Any picture in the records below stays out; return everything else exactly.
___ THE INPUT
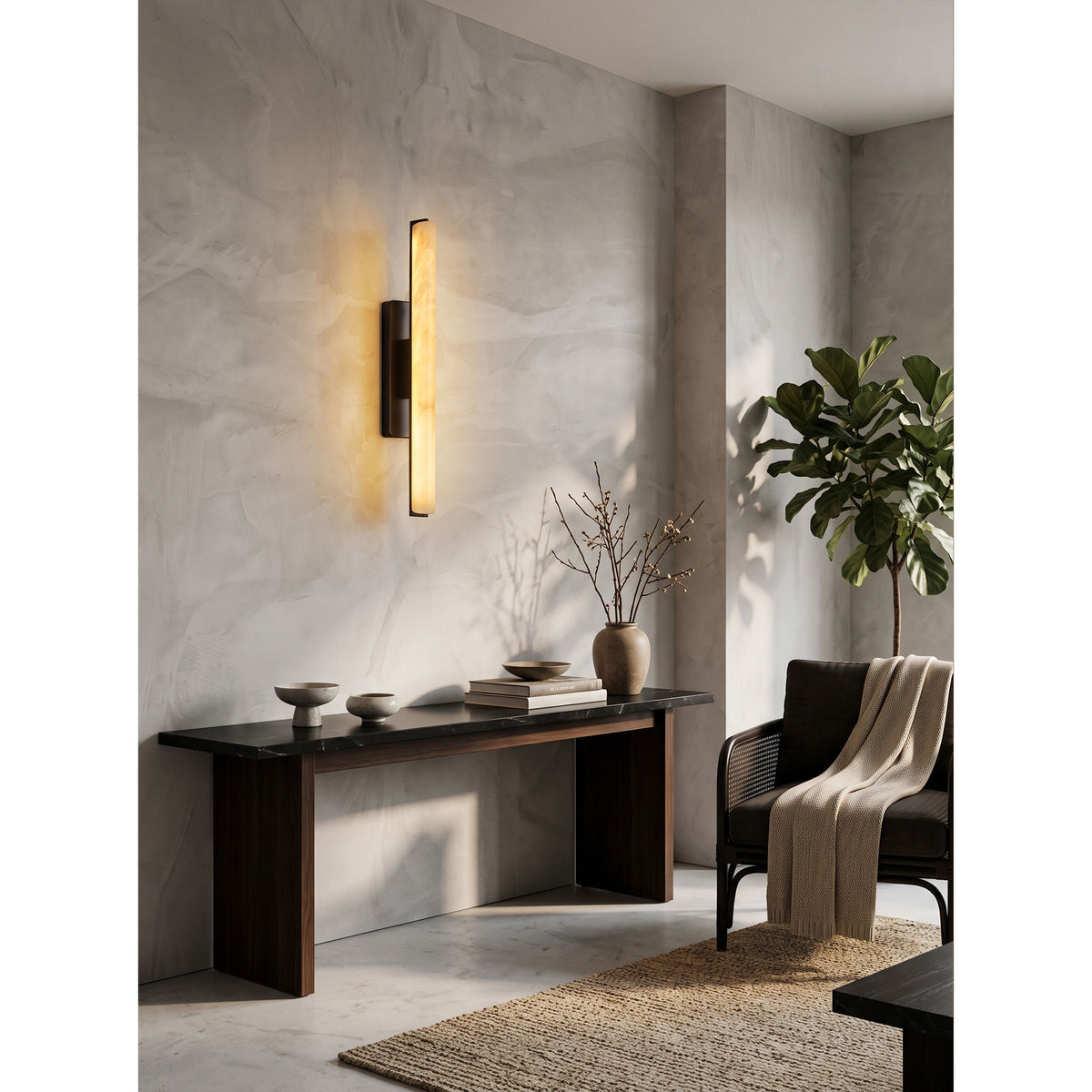 Audubon Alabaster Wall Sconce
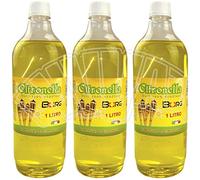 3 PZ - 1 LT - OLIO ALLA CITRONELLA PER LAMPADE TORCE RICARICA ANTIZANZARE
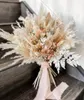 Suszone kwiaty trzymające naturalne duże pampas trawę ślubne bukiety ręcznie wykonane kwiaty dla nowożeńców dla Decoratio 230701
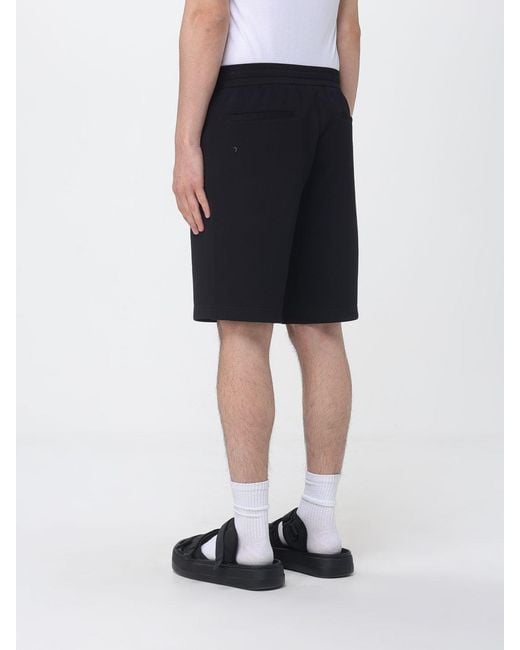 ARMANI EXCHANGE Blue Cotton Blend Jogging Shorts for men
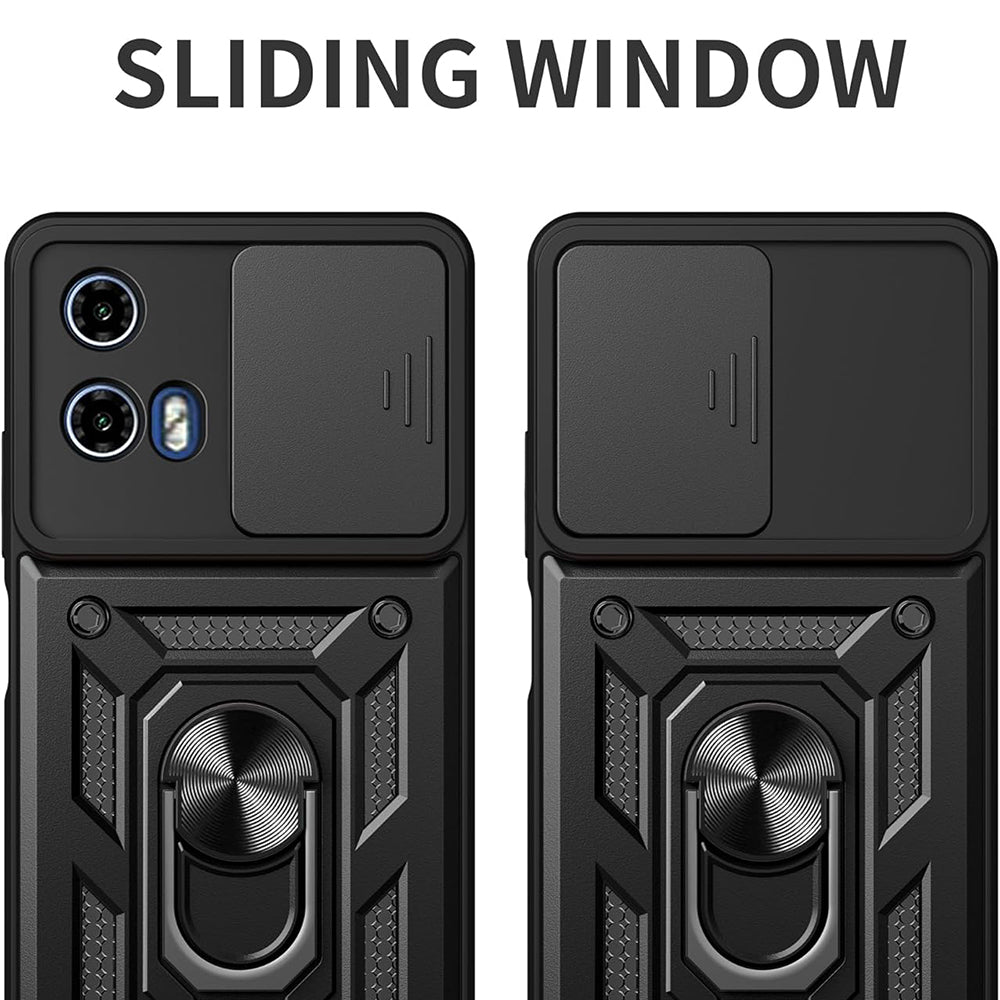Funda para Motorola Moto G31 / G41, Techsuit, CamShield, Negra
______
ANSWER SPACE:
 Audubon Alabaster Wall Sconce
 3 PZ - 1 LT - OLIO ALLA CITRONELLA PER LAMPADE TORCE RICARICA ANTIZANZARE
 Suszone kwiaty trzymające naturalne duże pampas trawę ślubne bukiety ręcznie wykonane kwiaty dla nowożeńców dla Decoratio 230701
 ARMANI EXCHANGE Blue Cotton Blend Jogging Shorts for men
Funda para Motorola Moto G31 / G41, Techsuit, CamShield, Negra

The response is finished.